Output, word for word, every line from the line with "family of 4 walking on beach at sunset" through the final line of the data below.

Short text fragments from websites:

■ ■ ■ ■ ■

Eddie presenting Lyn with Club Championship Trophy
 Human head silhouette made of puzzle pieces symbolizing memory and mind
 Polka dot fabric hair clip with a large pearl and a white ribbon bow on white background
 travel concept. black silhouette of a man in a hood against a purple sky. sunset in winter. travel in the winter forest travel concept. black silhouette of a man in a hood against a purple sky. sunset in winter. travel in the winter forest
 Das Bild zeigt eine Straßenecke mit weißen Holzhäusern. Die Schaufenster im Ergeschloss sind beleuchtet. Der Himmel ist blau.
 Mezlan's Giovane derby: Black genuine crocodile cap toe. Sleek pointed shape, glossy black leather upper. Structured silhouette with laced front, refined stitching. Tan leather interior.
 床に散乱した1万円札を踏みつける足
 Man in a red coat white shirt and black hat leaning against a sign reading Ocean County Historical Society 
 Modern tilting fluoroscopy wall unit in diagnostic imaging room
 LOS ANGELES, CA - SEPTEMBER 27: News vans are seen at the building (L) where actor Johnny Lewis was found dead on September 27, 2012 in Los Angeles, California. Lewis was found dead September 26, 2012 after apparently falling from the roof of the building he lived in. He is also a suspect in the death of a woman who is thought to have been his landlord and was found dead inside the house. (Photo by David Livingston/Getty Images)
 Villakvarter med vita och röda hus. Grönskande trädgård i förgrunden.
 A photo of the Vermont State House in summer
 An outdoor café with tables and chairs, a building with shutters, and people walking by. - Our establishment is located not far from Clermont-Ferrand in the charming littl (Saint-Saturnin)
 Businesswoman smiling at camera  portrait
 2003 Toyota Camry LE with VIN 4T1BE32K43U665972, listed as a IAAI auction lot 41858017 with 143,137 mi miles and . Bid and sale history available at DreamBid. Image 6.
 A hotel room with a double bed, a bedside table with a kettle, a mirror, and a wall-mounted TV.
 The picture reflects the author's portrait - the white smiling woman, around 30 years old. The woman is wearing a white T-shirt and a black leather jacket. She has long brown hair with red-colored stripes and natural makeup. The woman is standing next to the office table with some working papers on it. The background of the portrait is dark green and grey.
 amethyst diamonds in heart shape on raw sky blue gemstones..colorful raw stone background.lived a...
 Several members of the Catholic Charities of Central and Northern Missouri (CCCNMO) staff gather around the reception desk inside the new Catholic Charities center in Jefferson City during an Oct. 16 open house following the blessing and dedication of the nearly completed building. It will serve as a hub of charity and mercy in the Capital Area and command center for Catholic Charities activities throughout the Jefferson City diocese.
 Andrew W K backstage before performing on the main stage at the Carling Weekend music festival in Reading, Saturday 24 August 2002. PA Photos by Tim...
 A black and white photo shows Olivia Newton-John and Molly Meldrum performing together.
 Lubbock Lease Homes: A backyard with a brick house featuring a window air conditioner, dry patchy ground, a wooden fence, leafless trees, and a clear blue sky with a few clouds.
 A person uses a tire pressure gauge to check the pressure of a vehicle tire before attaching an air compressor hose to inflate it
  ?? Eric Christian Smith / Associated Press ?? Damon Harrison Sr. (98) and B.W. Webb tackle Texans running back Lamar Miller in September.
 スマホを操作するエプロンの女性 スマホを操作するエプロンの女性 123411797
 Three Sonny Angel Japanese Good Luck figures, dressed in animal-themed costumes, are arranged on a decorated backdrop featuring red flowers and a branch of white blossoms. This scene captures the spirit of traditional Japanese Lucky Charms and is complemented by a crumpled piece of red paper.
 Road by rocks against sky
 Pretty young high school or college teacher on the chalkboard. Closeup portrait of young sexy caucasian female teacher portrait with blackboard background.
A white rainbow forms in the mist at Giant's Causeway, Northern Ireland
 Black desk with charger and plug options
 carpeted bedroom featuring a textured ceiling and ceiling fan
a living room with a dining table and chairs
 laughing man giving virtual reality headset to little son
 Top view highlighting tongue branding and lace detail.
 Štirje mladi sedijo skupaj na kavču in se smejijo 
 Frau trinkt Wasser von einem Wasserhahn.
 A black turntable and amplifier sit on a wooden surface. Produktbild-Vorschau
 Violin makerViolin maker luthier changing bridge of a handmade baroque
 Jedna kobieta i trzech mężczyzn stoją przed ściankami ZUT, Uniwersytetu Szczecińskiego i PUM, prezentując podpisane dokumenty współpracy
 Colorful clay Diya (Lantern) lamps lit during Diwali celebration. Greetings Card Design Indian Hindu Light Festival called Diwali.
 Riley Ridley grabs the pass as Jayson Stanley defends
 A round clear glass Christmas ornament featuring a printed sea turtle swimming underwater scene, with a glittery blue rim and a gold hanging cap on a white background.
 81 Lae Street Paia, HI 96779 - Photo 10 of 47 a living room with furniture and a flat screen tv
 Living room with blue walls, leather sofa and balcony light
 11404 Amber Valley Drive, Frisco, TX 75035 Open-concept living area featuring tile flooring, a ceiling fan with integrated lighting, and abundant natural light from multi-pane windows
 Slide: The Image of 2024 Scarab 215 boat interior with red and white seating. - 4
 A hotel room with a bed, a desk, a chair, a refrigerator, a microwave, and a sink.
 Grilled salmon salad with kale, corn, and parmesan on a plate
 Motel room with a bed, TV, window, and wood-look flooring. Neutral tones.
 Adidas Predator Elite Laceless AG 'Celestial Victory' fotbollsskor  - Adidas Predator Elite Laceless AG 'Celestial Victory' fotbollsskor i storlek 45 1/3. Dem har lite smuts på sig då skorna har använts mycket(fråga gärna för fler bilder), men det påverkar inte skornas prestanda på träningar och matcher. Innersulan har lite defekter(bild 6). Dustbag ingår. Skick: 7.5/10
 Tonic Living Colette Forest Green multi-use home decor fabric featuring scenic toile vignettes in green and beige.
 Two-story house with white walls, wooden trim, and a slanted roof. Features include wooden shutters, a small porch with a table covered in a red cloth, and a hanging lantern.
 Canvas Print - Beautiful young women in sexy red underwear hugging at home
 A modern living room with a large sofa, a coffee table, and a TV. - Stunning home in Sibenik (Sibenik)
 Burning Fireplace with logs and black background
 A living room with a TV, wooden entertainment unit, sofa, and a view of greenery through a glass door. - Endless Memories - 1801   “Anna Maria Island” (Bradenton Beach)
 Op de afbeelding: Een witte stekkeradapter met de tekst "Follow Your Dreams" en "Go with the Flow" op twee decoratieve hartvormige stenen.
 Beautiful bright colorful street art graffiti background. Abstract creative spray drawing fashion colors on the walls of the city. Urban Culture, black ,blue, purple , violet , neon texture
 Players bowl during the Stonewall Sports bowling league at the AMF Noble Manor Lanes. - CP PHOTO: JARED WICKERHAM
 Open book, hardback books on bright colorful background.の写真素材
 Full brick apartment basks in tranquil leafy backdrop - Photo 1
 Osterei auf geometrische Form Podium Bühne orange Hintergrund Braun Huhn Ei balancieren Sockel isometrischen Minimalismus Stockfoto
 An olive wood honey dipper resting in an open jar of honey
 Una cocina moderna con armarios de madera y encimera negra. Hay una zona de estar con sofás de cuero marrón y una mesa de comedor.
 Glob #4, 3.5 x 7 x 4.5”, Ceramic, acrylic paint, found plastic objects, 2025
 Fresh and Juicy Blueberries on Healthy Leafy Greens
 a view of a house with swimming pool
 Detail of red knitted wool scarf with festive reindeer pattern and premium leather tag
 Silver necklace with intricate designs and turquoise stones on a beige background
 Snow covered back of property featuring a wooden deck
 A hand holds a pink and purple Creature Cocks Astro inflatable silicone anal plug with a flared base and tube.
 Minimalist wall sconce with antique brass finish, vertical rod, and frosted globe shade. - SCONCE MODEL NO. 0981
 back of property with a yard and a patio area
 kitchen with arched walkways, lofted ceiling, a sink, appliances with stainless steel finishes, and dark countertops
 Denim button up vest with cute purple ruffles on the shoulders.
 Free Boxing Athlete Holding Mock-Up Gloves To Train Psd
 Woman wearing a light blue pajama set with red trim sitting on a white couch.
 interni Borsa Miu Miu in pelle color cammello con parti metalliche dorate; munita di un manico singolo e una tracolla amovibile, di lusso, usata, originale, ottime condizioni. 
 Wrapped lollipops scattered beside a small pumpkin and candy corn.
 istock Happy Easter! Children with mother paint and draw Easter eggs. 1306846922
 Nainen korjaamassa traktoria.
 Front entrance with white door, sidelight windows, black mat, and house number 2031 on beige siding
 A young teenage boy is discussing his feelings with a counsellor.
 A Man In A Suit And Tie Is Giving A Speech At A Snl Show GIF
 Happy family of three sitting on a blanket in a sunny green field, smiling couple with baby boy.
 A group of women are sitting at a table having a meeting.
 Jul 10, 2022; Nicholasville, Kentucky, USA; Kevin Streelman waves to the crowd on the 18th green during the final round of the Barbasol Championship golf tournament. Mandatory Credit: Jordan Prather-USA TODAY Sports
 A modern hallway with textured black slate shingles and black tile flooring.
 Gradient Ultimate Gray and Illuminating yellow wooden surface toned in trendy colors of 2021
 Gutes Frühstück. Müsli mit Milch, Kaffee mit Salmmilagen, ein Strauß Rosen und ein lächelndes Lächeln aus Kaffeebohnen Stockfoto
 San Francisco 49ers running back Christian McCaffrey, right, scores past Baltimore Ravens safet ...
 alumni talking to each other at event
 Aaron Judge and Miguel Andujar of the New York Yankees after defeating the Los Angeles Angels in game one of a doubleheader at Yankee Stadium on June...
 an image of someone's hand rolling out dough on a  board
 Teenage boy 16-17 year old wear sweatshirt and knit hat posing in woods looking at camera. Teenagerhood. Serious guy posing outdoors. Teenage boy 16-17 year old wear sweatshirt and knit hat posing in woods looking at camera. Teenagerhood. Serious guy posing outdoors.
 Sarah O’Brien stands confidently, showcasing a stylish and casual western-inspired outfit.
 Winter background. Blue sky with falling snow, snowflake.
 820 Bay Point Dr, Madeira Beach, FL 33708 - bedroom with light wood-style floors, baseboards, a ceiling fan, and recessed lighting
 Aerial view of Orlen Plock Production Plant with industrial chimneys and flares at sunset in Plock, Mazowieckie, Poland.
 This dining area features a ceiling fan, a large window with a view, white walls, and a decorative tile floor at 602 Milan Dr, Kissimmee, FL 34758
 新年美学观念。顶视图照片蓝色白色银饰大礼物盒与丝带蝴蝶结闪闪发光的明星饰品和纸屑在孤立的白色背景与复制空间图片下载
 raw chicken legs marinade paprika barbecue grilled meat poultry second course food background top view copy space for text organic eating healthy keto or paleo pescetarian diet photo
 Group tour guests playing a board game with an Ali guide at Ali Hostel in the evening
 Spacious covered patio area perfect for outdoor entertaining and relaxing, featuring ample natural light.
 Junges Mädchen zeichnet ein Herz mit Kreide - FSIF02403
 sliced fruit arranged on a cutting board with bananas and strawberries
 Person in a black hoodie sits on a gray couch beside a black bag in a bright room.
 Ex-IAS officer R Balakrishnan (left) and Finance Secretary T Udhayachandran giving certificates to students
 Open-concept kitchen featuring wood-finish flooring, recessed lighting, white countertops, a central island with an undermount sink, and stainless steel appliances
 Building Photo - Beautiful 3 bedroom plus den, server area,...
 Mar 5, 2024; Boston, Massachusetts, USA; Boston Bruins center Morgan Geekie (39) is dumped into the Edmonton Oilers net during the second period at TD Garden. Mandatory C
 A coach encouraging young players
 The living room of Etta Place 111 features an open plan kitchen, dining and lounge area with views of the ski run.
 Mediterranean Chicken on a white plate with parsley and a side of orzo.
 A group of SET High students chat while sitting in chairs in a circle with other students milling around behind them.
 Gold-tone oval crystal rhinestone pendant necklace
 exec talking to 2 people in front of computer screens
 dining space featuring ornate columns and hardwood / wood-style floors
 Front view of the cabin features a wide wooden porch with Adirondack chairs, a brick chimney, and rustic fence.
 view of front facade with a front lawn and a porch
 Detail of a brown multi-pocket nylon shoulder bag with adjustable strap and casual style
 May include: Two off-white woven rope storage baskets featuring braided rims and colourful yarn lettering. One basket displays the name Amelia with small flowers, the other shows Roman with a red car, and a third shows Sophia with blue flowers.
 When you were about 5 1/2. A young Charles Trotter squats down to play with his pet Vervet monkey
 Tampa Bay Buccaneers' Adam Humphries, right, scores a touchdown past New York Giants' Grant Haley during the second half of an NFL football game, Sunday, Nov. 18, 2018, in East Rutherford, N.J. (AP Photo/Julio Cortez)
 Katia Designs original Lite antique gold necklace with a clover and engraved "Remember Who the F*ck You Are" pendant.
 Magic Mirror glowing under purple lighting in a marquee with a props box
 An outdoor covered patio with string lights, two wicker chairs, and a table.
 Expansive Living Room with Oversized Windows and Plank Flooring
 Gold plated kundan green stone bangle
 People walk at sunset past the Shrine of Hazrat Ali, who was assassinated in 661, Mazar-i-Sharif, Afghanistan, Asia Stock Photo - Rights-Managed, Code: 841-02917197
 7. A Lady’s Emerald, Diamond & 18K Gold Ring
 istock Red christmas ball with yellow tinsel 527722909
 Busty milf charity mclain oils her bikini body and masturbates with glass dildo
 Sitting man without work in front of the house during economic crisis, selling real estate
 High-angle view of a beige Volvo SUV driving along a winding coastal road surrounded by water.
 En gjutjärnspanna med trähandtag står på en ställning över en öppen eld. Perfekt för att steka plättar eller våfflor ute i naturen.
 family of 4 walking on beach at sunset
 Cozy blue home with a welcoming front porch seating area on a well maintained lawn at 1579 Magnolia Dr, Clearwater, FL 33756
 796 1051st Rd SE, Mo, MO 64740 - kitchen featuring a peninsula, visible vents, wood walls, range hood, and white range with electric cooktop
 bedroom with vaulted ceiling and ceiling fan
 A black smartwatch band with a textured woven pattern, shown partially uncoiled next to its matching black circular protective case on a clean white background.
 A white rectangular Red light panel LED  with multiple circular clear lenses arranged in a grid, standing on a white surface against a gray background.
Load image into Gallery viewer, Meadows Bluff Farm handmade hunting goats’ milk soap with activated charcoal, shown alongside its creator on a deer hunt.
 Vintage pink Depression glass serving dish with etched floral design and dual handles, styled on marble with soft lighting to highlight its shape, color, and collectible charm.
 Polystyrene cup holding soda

■ ■ ■ ■ ■

Solution:
 family of 4 walking on beach at sunset
 Cozy blue home with a welcoming front porch seating area on a well maintained lawn at 1579 Magnolia Dr, Clearwater, FL 33756
 796 1051st Rd SE, Mo, MO 64740 - kitchen featuring a peninsula, visible vents, wood walls, range hood, and white range with electric cooktop
 bedroom with vaulted ceiling and ceiling fan
 A black smartwatch band with a textured woven pattern, shown partially uncoiled next to its matching black circular protective case on a clean white background.
 A white rectangular Red light panel LED  with multiple circular clear lenses arranged in a grid, standing on a white surface against a gray background.
Load image into Gallery viewer, Meadows Bluff Farm handmade hunting goats’ milk soap with activated charcoal, shown alongside its creator on a deer hunt.
 Vintage pink Depression glass serving dish with etched floral design and dual handles, styled on marble with soft lighting to highlight its shape, color, and collectible charm.
 Polystyrene cup holding soda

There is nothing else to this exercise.